Alexander Belopolsky wrote:
Two recently reported issues brought into light the fact that Python language definition is closely tied to character properties maintained by the Unicode Consortium. [1,2] For example, when Python switches to Unicode 6.0.0 (planned for the upcoming 3.2 release), we will gain two additional characters that Python can use in identifiers. 
With Python 3.1:
exec('\u0CF1 = 1')
Traceback (most recent call last): File "<stdin>", line 1, in <module> File "<string>", line 1 ೱ = 1 ^ SyntaxError: invalid character in identifier
but with Python 3.2a4:
exec('\u0CF1 = 1') eval('\u0CF1')
Such changes are not new, but I agree that they should probably be highlighted in the "What's new in Python x.x".
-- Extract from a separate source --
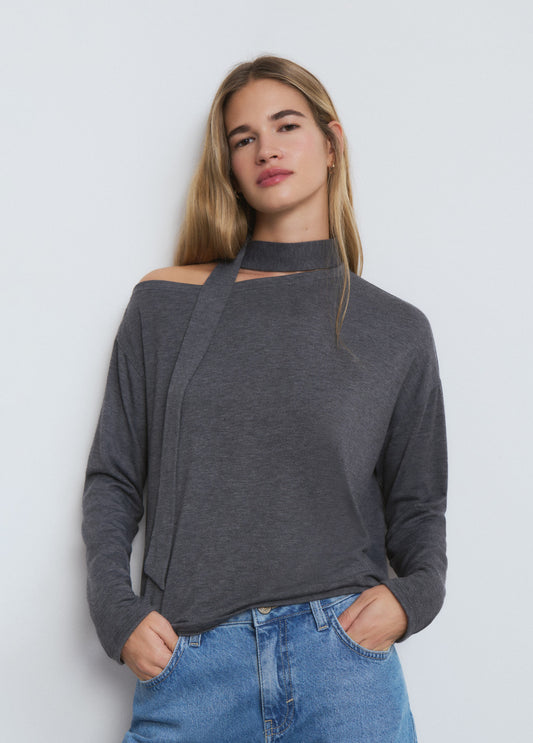 Camiseta asimétrica bufanda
Of course, the likelihood is low that this change will affect any user, but the change in str.isspace() reported in  is likely to cause some trouble:
That's a classical bug fix.
While we have little choice but to follow UCD in defining str.isidentifier(), I think Python can promise users more stability in what it treats as space or as a digit in its builtins.
Why should we divert from the work done by the Unicode Consortium ? After all, most of their changes are in fact bug fixes as well.
For example, I don't think that supporting
is more important than to assure users that once their program accepted some text as a number, they can assume that the text is ASCII.
Sorry, but I don't agree.
If ASCII numerals are an important aspect of an application, the application should make sure that only those numerals are used (e.g. by using a regular expression for checking).
In a Unicode world, not accepting non-Arabic numerals would be a limitation, not a feature. Besides Python has had this support since Python 1.6.